The problem affects the entire mining sector, which includes gold, nickel, chrome, diamonds and coal.
Zimbabwe ditched its own dollar in favour of the U.S. currency in 2009 to try to put a lid on hyper-inflation and prevent a complete meltdown of the economy.
But shortages of U.S. bank notes that started in March have worsened and the central bank has unnerved depositors with plans to introduce local notes.
Toindepi Muganyi, president of the Chamber of Mines, told a parliamentary committee that banks were taking 10 to 20 days to clear payments for imports by mining companies “with potential production loss of up to four months.”
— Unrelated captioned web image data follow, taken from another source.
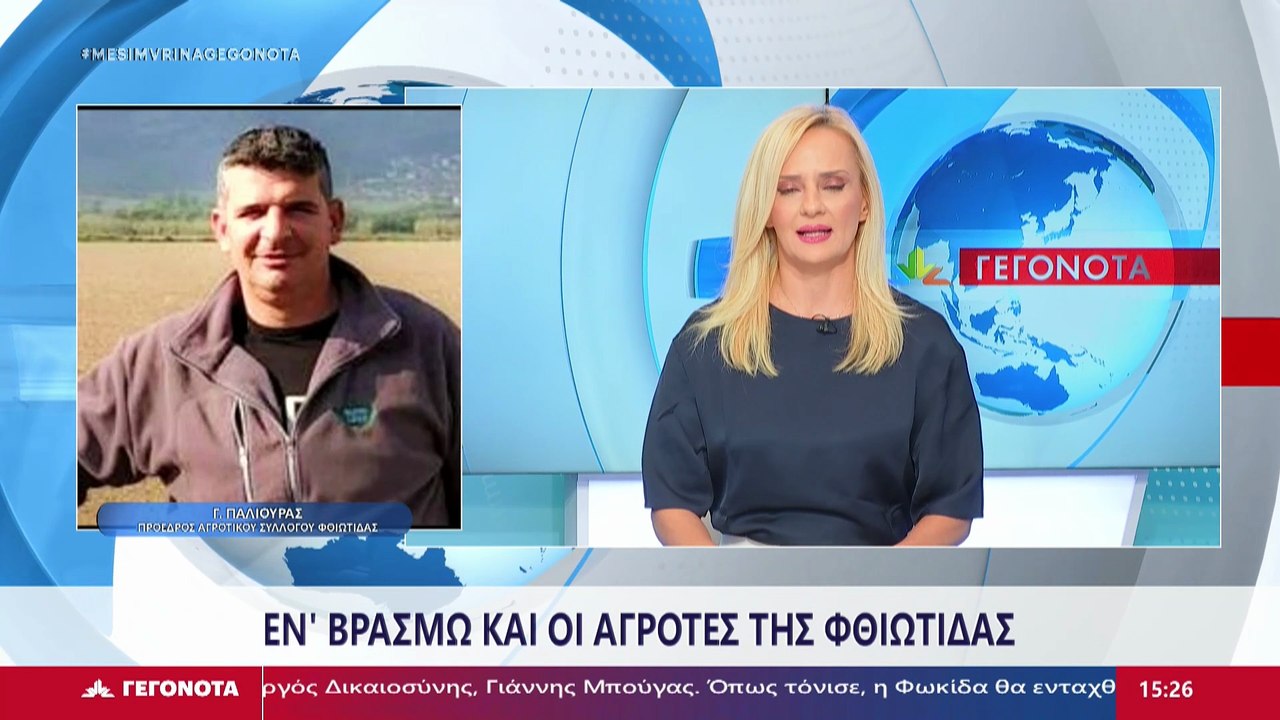 Ο Πρόεδρος Αγροτικού Συλλόγου Φθιώτιδας, Γ. Παλ...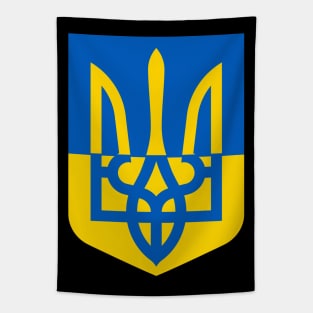 Ukraine Shield Trident Tapestry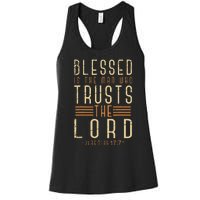 Bible Verse Christian God Savior Devo Men Gift Jesus Women's Racerback Tank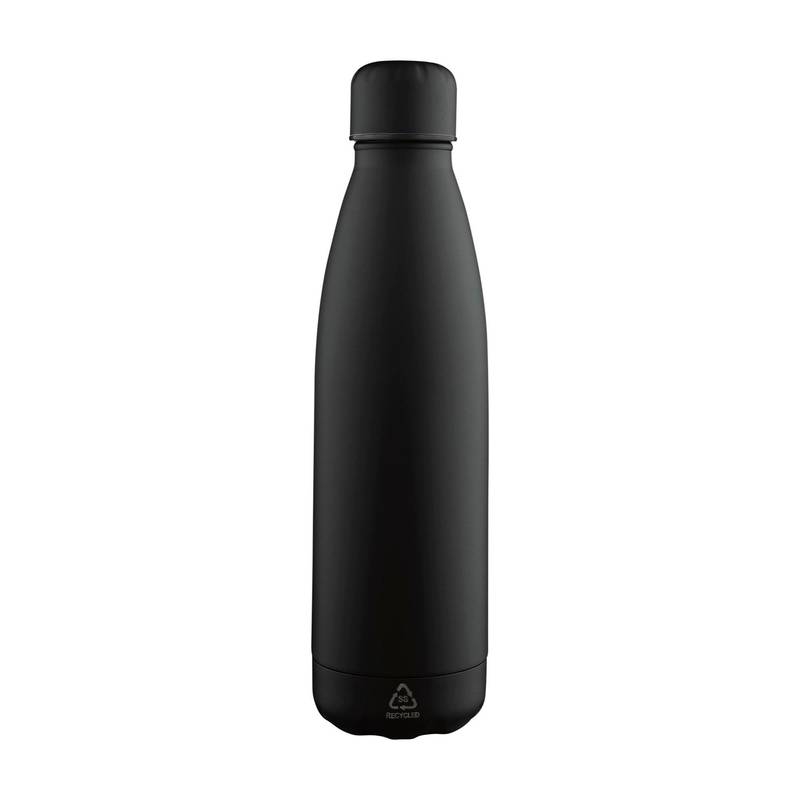 Recyklovaná láhev na pití 700 ml Breeze, černá Recyklovaná láhev na pití 700 ml Breeze, černá
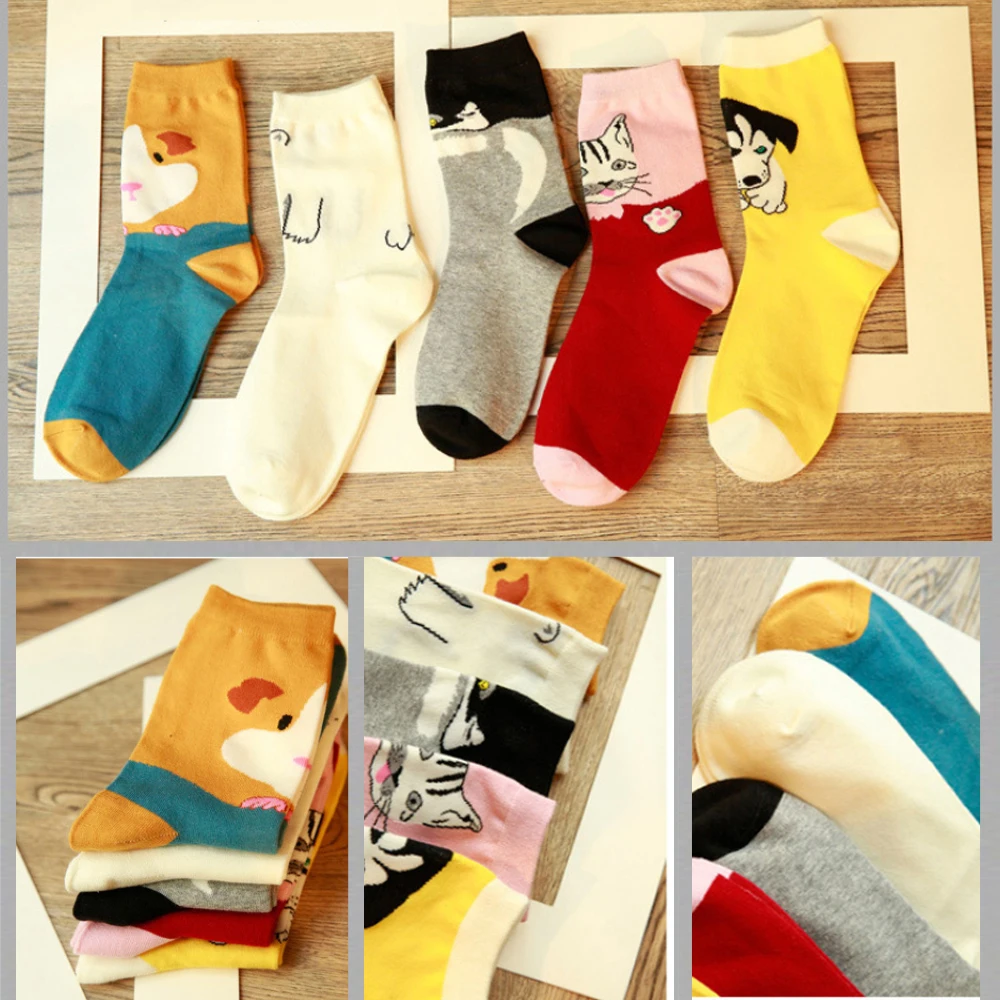 10 Pairs/Set Winter Spring Warm Chausette Femme Cartoon Cute Women Socks Cotton Calcetines Mujer Fashion Casual Woman Sock Meias
10 Pairs/Set Winter Spring Warm Chausette Femme Cartoon Cute Women Socks Cotton Calcetines Mujer Fashion Casual Woman Sock Meias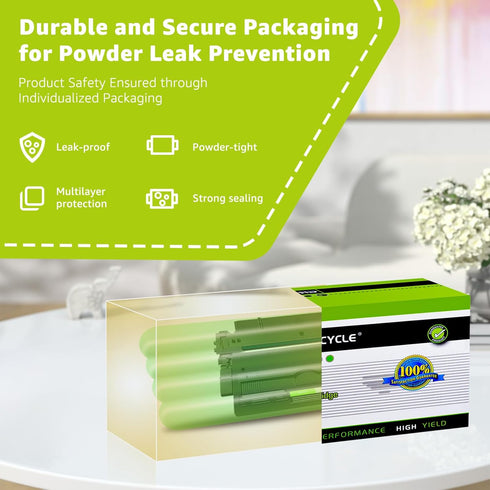 greencycle CF214A Replacement Compatible for HP 14A Black Toner Cartridge for Laserjet Enterprise 700 Series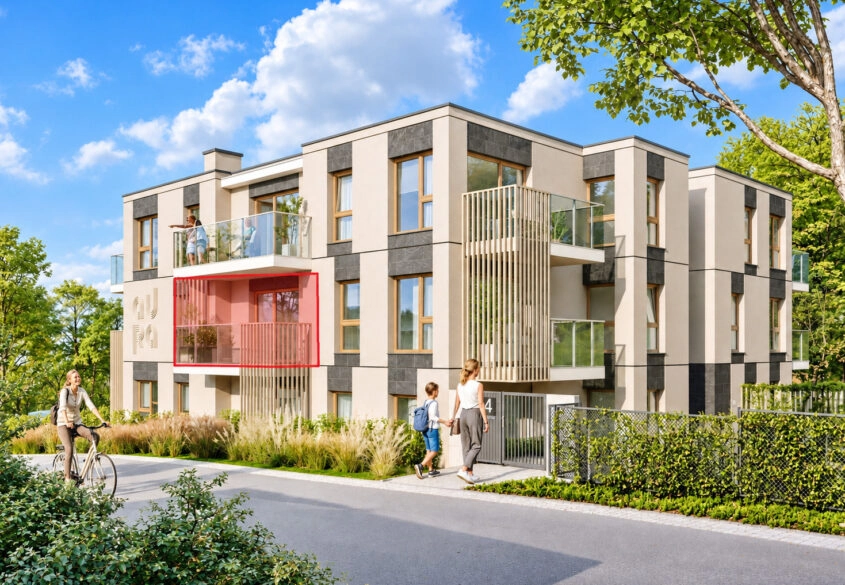 Mieszkanie 1 pokojowe z balkonem 8m2, piętro 1, M7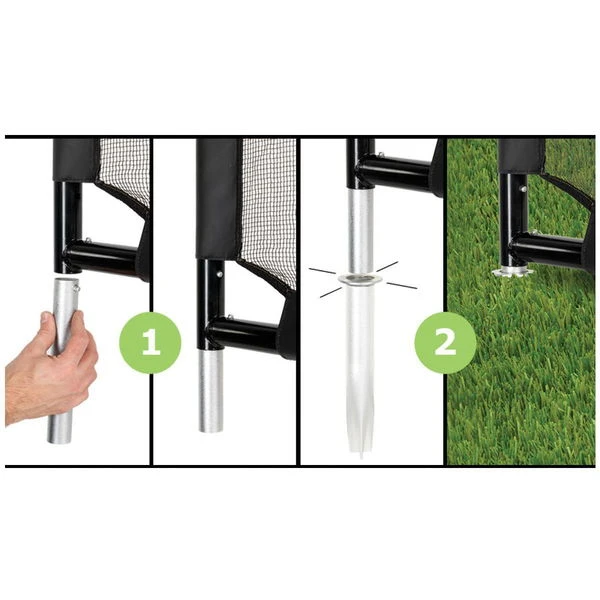 EXIT TOYS EXIT Maestro Stählernes Fußballtor Schwarz - 180x120 Cm 5 EXIT TOYS EXIT Maestro Stählernes Fußballtor Schwarz - 180x120 Cm – Bild 3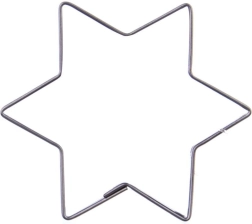 Küpsisevorm täht 4,6 cm, roostevaba teras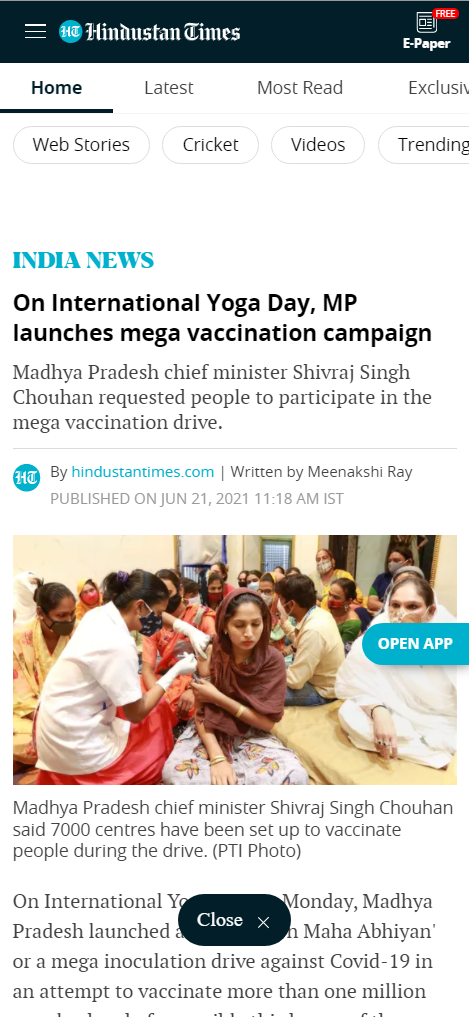 Front Page Screenshot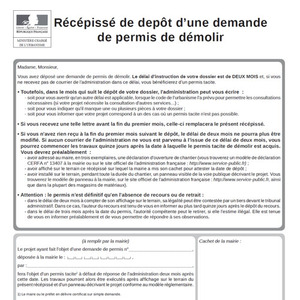 Annexe 3 : Permis de démolir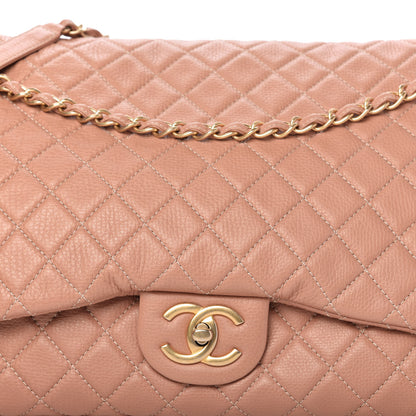 Chanel Calfskin Quilted XXL Travel Flap Bag Camel 10 of 10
“This will remain a huge potential risk to the outlook,” Muganyi said.
Mining earned more than half of Zimbabwe’s $2.7 billion in foreign earnings in 2015 and a loss of output would damage a sector struggling with depressed commodity prices.
The central bank says cash shortages are caused by the illegal export of dollars and lower exports at a time when Zimbabwe’s imports are growing, resulting in the trade deficit growing nearly tenfold in the last decade.
Charity Jinya, president of Bankers’ Association of Zimbabwe, told the same committee that adopting the rand of South Africa, Zimbabwe’s largest trading partner, would stem the outflow of dollars.
“We would recommend that the South African rand be used as the main transacting currency. This would reduce concentration of risk on the U.S. dollar,” Jinya said.
Zimbabwe was importing smaller value U.S. dollar notes to discourage the illegal export of money from Zimbabwe, Jinya said.
The central bank on May 4 imposed curbs on imports and set limits on cash withdrawals to ease shortages.